Swift Homomorphic Encryption
Understanding homomorphic encryption (HE)
- Several commenters struggle to “grok” how computation on encrypted data can work.
- Others give intuitive explanations: simple modular “add 1” encryption; scaling numbers by a secret factor; and the role of algebraic structures like rings and finite fields.
- Examples show how operations like addition/multiplication can be preserved under encryption without revealing underlying values.
Existing and related real-world uses
- HE (or related techniques) is already used in password leak checking: Edge Password Monitor, Google reCAPTCHA Enterprise; Safari reportedly uses k‑anonymity instead.
- Some products mention HE but may actually use different approaches (e.g., Cipherstash says they do not use HE).
- There are references to HE used for ML, image processing, and previous demos, though usually too slow for broad deployment.
Apple Live Caller ID & PIR
- Core use case: checking incoming numbers against a spam/identity database without revealing to Apple who is calling.
- Discussion frames this as Private Information Retrieval (PIR) over a (plaintext) server database, with responses encrypted under the client’s key.
- A simple HE-based PIR example is given (one-hot queries over all rows).
- In practice, the server must touch the whole shard to avoid leaking which row is queried. Sharding leaks a few hash bits but improves performance.
- Debate over enumeration: phone numbers are low-entropy, but HE + PIR hides which number was queried, not the database contents.
Security properties and limitations
- Clarification of algebraic background: rings vs fields, finite fields modulo primes, multiplicative inverses.
- Swift HE uses the BFV leveled HE scheme (limited-depth add/mul, no bootstrapping).
- HE is incompatible with strong IND‑CCA2 security by design; discussion mentions weaker models (CCA1, variant notions).
- Failure mode is like symmetric crypto: if the scheme or key is broken, past ciphertexts can be decrypted. Concern raised that HE might encourage broader sharing of sensitive encrypted data, increasing impact of future breaks.
Performance and practicality
- HE described as many orders of magnitude slower than normal code; at least ~10⁴× slower is cited.
- Compared with TEEs/secure enclaves: those are simpler and faster but have been repeatedly broken and don’t protect against compelled server-side access.
- Some think HE is still too slow for general computation, but targeted use cases (like caller ID or leak checking) are now practical.

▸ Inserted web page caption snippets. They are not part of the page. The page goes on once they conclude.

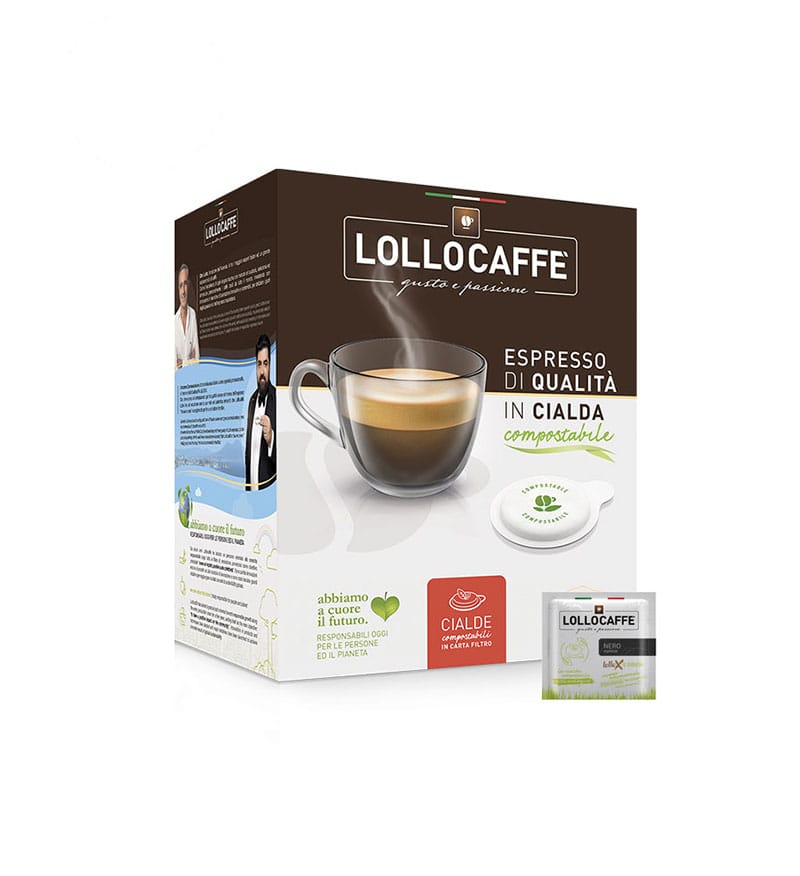 100 Paduri Lollo Caffe Espresso Nero - Compatibile ESE44 100 Paduri Lollo Caffe Espresso Nero - Compatibile ESE44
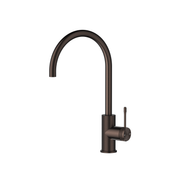 Bella Vista Mica Fluted Gooseneck Sink Mixer - Dusk Bronze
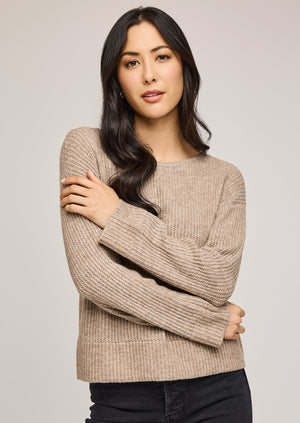 Gentle Fawn Ambrose Sweater Heather Taupe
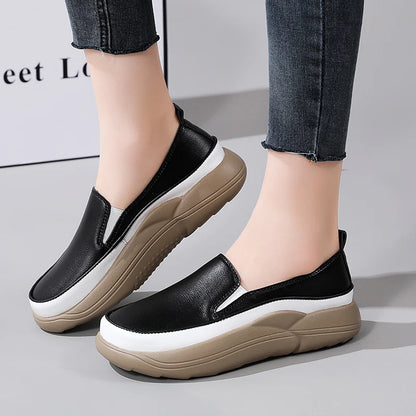 Women Shoes Flats Leather Sneakerotwear Fashion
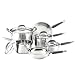 KitchenAid Gourmet Essentials 10-Piece Brushed Stainless Steel Cookware Set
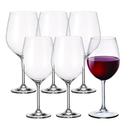 Jogo 6 Taça para Vinho Tinto 740ml em Cristal Transparente Wolff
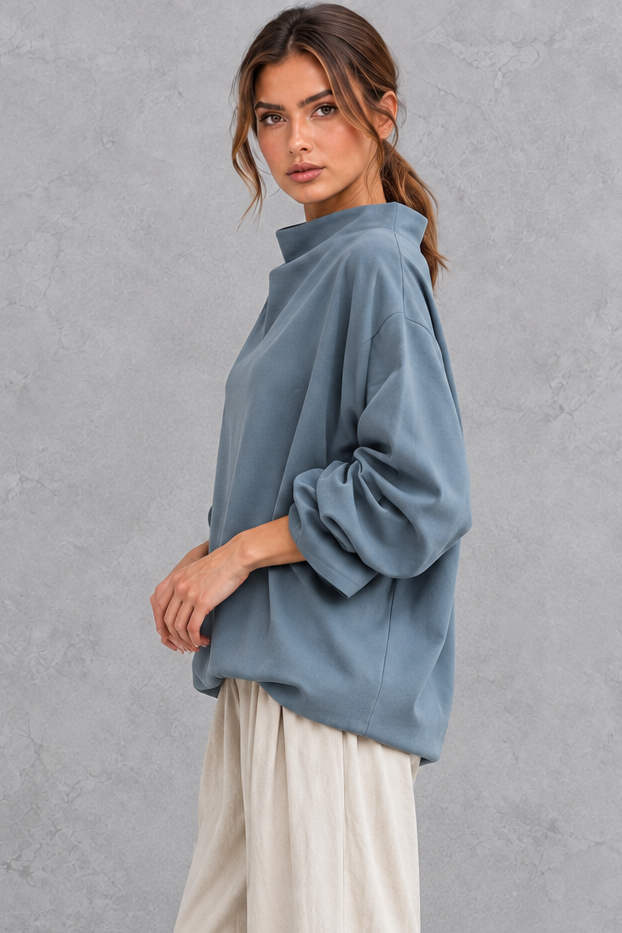 Women’s Loose Roll Neck Long Sleeve Jumper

Trust, threat models, and use cases
- HE/PIR mainly protects against a curious or compelled server learning user queries; the database itself need not be secret.
- Skeptics note that if client and server software come from the same vendor, that vendor could silently bypass HE. Others point out practical constraints and reputational risks.
- HE seen as especially important for PII-heavy AI and for computing on untrusted infrastructure where you still trust the client.